EU backed 804 rail projects with €34.4 billion via CEF; plans to mobilize €2.9 billion by 2027.
Concrete travel-time targets include Berlin–Copenhagen 4h by 2030 and Lisbon–Madrid 3h by 2034.

(EUROPEAN UNION) The European Commission on November 5, 2025 set out its most ambitious rail agenda yet, unveiling a plan to accelerate high-speed rail across the bloc and cut rail travel times by up to half on key routes by 2040, a move designed to make trains a compelling alternative to short-haul flights. The blueprint, presented as a “High-Speed Rail Deal,” lays out fixed timelines, funding targets, and legislative steps to connect major cities faster, ease pressure on airports, and push the EU toward its carbon-neutral goal by 2050.

Commissioner for Sustainable Transport and Tourism, Apostolos Tzitzikostas, framed the effort in sweeping terms of mobility, cohesion, and competitiveness.

“High-speed rail is not just about cutting travel times – it is about uniting Europeans, strengthening our economy, and leading the global race for sustainable transport. With today’s plan, we are turning ambition into action: breaking down barriers, mobilising investments for modern infrastructure, and making cross-border rail the backbone of a carbon-neutral, competitive, and secure Europe. Citizens across the Union will benefit from faster, safer, and more affordable journeys that bring Europe closer together,” said Tzitzikostas.

EU Unveils High-Speed Rail Plan to Cut Travel Time, Cut Flights
EU Unveils High-Speed Rail Plan to Cut Travel Time, Cut Flights

Officials put precise numbers on what the next 15 years could deliver. Berlin to Copenhagen would fall from seven hours to four by 2030. Sofia to Athens would drop from 13 hours and 40 minutes to six hours by 2035. Lisbon to Madrid, pegged at five hours in 2030, would be cut to three hours by 2034. Madrid to Paris would be targeted at six hours. Berlin to Vienna via Prague would be sliced from over eight hours to four and a half. Baltic connections would tighten dramatically: Tallinn to Riga in one hour and 45 minutes; Riga to Vilnius in two hours; and Vilnius to Warsaw in four. The Commission said these travel times are designed to make rail the default choice for many cross-border journeys that today still lean on short-haul flights.

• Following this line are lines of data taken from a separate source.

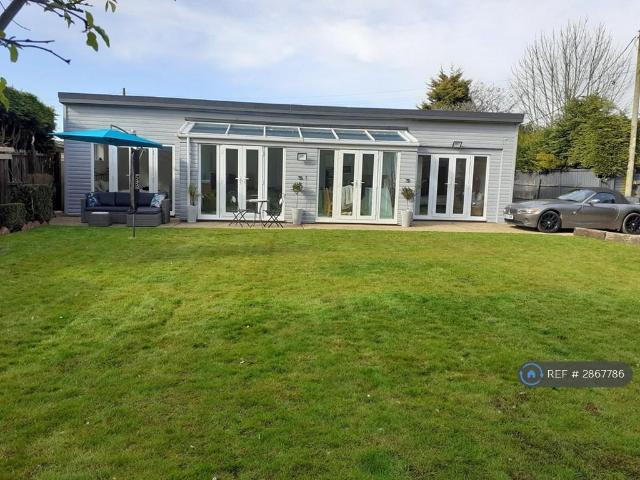 2 bedroom bungalow to rent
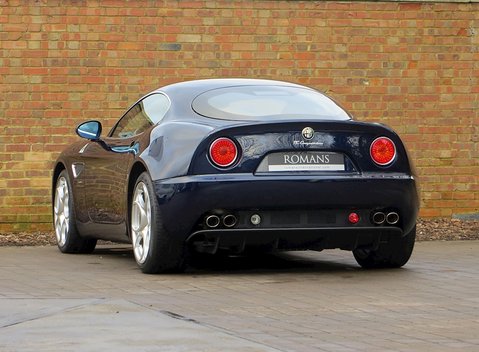 Alfa Romeo 8C Competizione 7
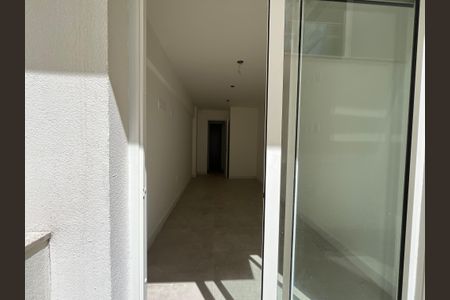 Apartamento para alugar com 49m², 1 quarto e sem vaga Apartamento para alugar com 49m², 1 quarto e sem vagaVaranda do Quarto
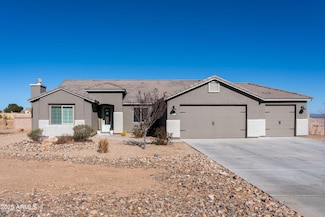 6351 E Saddlehorn Cir, Hereford, AZ 85615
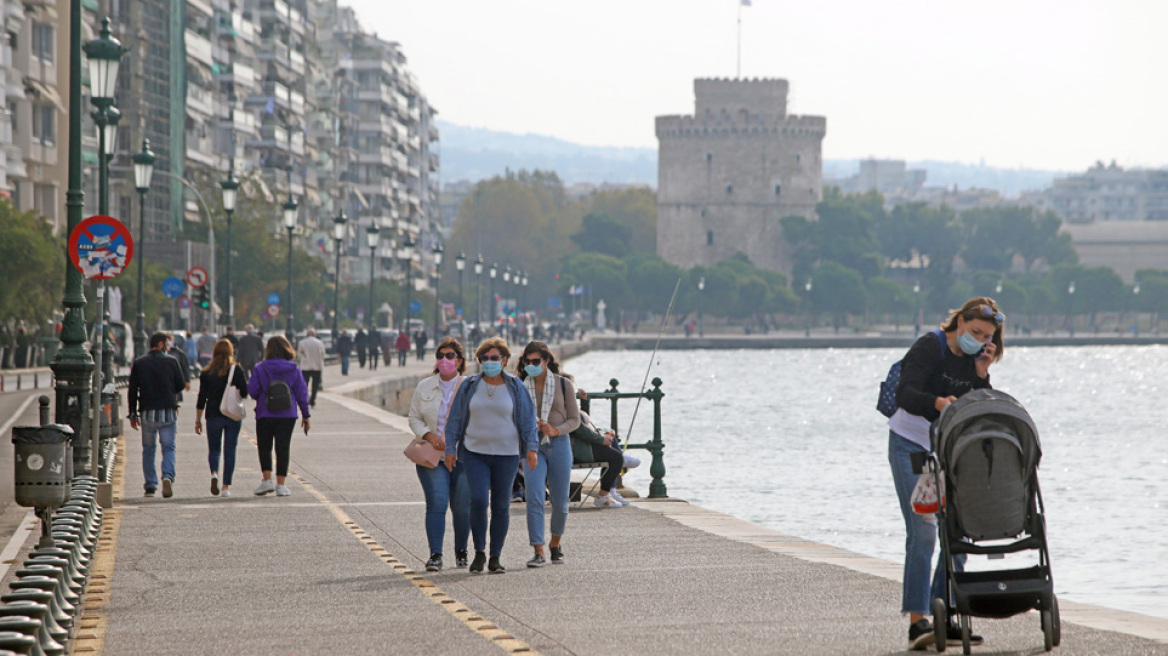 Κορωνοϊός: Ανησυχία για Βόρεια Ελλάδα - Κύμα αντιεμβολιαστών «φρενάρει» την ανάσχεση της πανδημίας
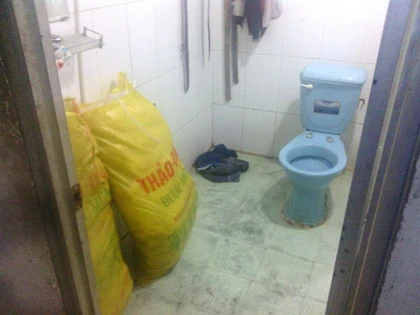 Dùng máy trộn bê tông sản xuất chà bông 'bẩn' ảnh 2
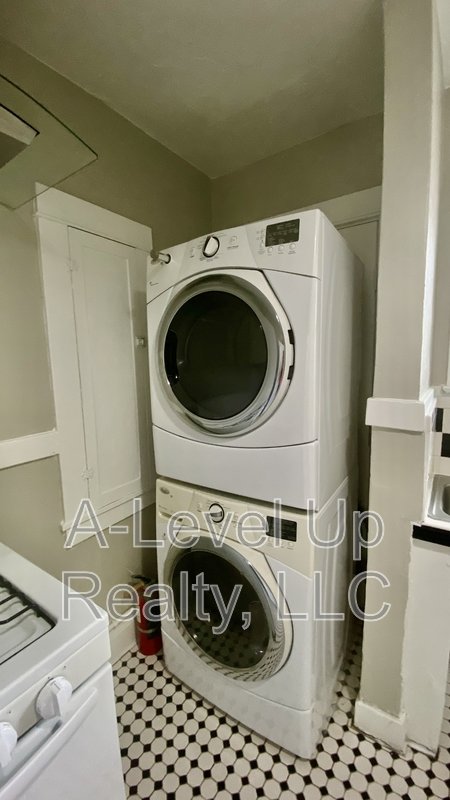 302 North Euclid Avenue - 1 property image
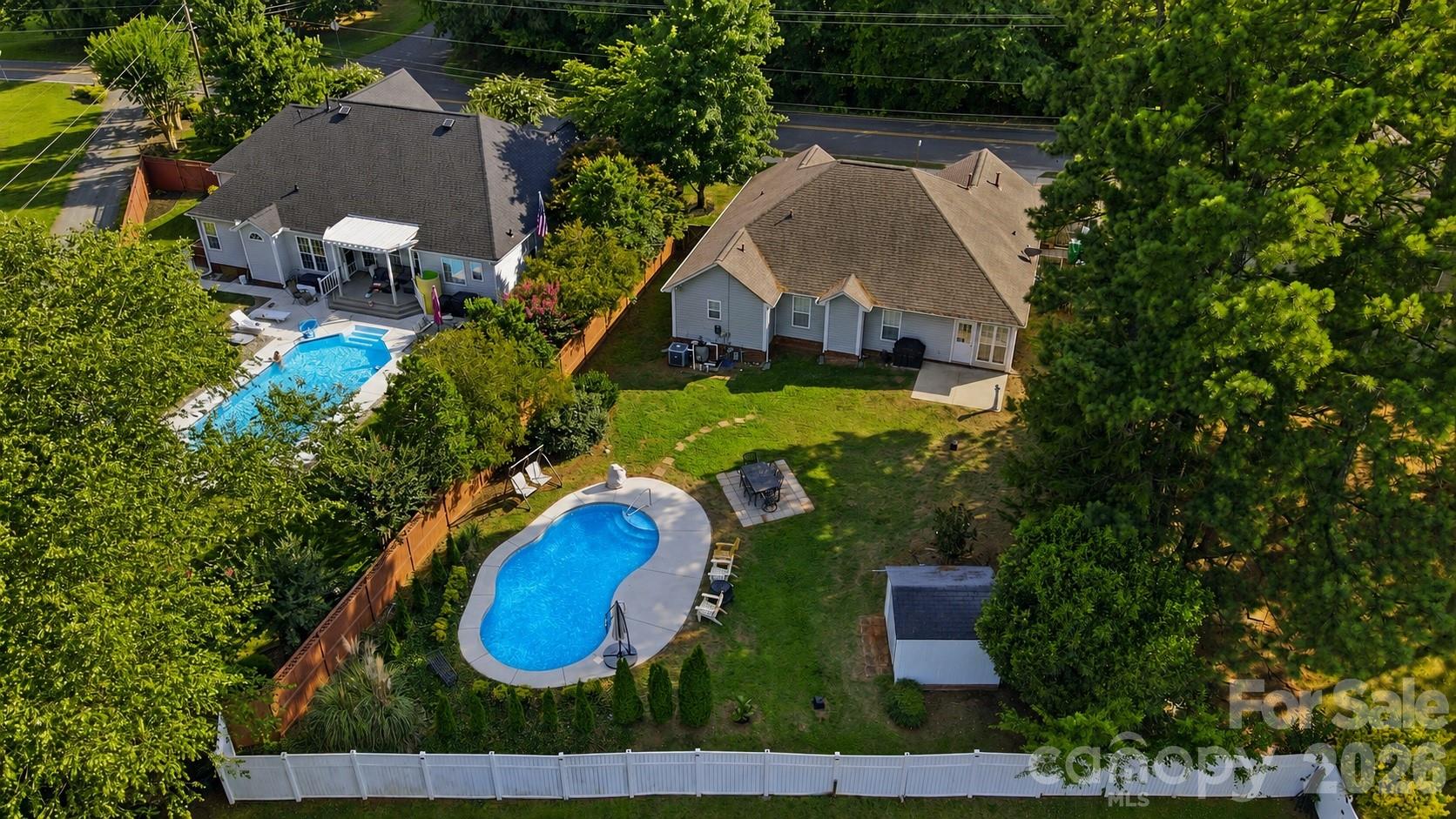 7206 Rock Island Road — Charlotte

The commitments come with money attached, alongside a sequence of legal and technical steps to open bottlenecks that slow cross-border trains. The Commission said the EU has already backed 804 rail infrastructure projects, channeling €34.4 billion through the Connecting Europe Facility. That figure represents 68.76% of total CEF investment, signaling the tilt toward rail inside the EU’s infrastructure spending. Building on that base, Brussels aims to mobilize at least €2.9 billion by 2027 and is preparing a pilot project later this year that it hopes will raise €500 million for priority links. The spending, according to officials, will target missing cross-border sections, upgrades to existing lines, and modern signaling that allows high-speed trains to run seamlessly across national systems.

For passengers, the headline promise is faster journeys, but the Commission also moved to fix the everyday obstacles that make international rail hard to use. Tzitzikostas said a new push on ticketing and booking will make itineraries easier to find and buy, especially when more than one company is involved or when trains connect with planes.

“The priority, at this moment, is to ensure that citizens, when they want to use the train for cross-border connections through different companies, can book it as a single ticket,” he said.

Under the plan, proposals will be tabled by 2026 to improve cross-border rail ticketing and booking systems, enabling passengers to purchase seamless multimodal tickets—combining train and plane—“with a single click,” according to the Commission’s outline. A revision of passenger rights law is due in early 2026 to support those changes and codify protections for travelers who rely on combined journeys.

💡 Tip
When planning cross-border trips, look for seamless multimodal tickets once the 2026 proposal is in place, so you can book train-plus-plane itineraries with a single click.

The timeline is tightly staged, with binding steps to keep the network build-out on track. By 2027, the Commission will set binding timelines for removing cross-border bottlenecks—stretches where infrastructure, signaling, or capacity lags create long delays and force trains to slow down at national borders. The same year, legislation will be introduced to ban the anticompetitive scrapping of safe rolling stock and require transparent resale conditions, a measure intended to keep usable trains in service and spur open access for new operators. The European Union Agency for Railways and the Directorate-General for Mobility and Transport will support these efforts by aligning technical standards and monitoring implementation across member states.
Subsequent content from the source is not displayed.